# Problem to work on
In the entries below, begin at the line with "Patricia Nash Evelyn" and stop after the line with "Ground floor condo"; output those lines exactly and omit the pictures.

# Exercise material
==================================================

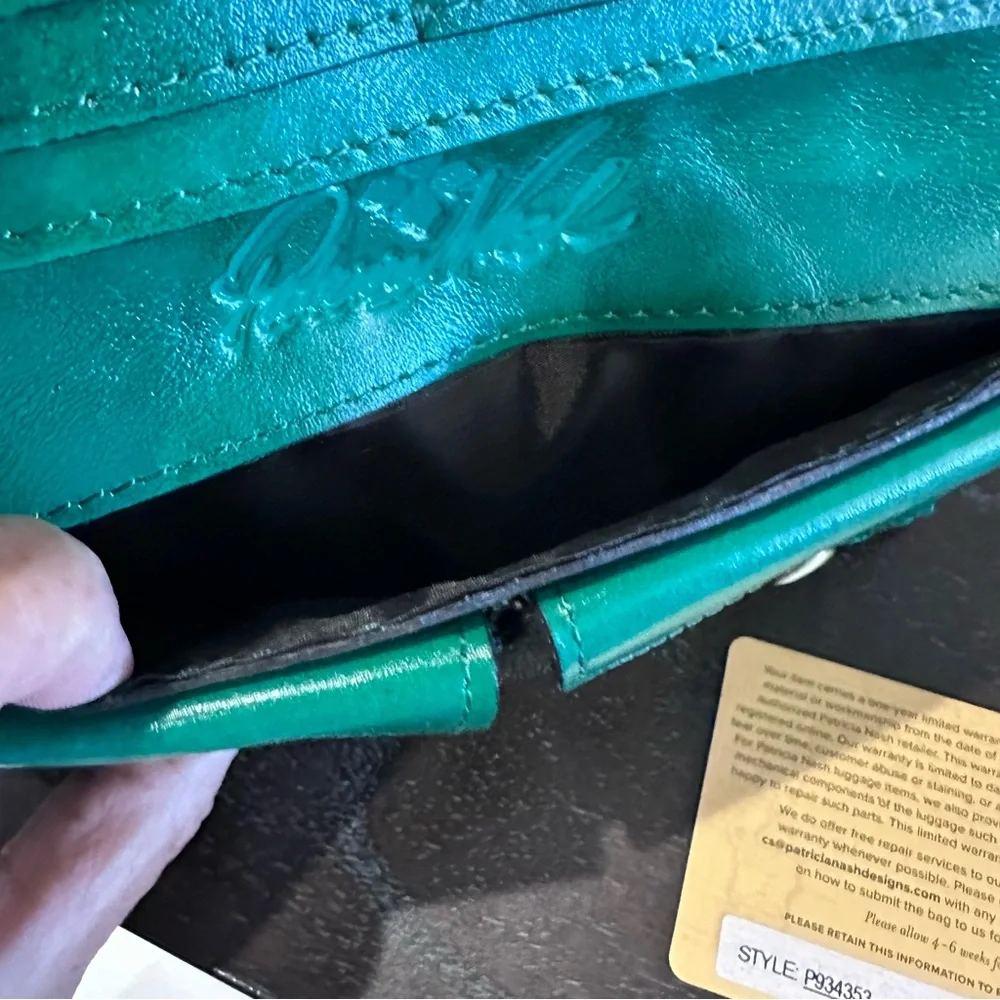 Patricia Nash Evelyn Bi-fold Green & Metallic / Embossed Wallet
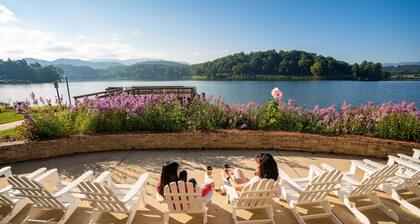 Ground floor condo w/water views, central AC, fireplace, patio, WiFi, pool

==================================================

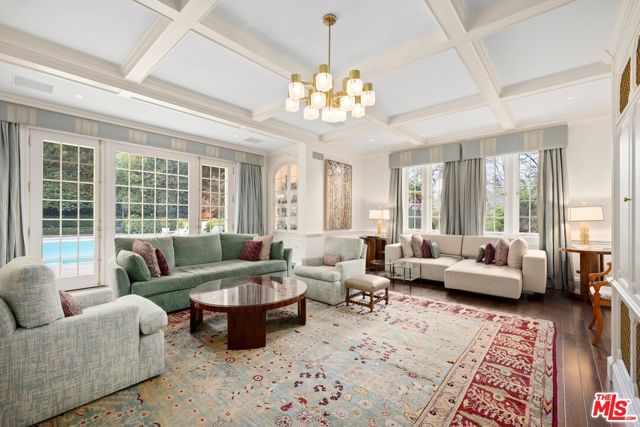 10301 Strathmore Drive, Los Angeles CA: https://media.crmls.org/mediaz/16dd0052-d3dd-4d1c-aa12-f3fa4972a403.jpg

==================================================

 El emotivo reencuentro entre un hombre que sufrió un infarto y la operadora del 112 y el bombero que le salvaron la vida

==================================================

# Reply to the task
 Patricia Nash Evelyn Bi-fold Green & Metallic / Embossed Wallet
 Ground floor condo w/water views, central AC, fireplace, patio, WiFi, pool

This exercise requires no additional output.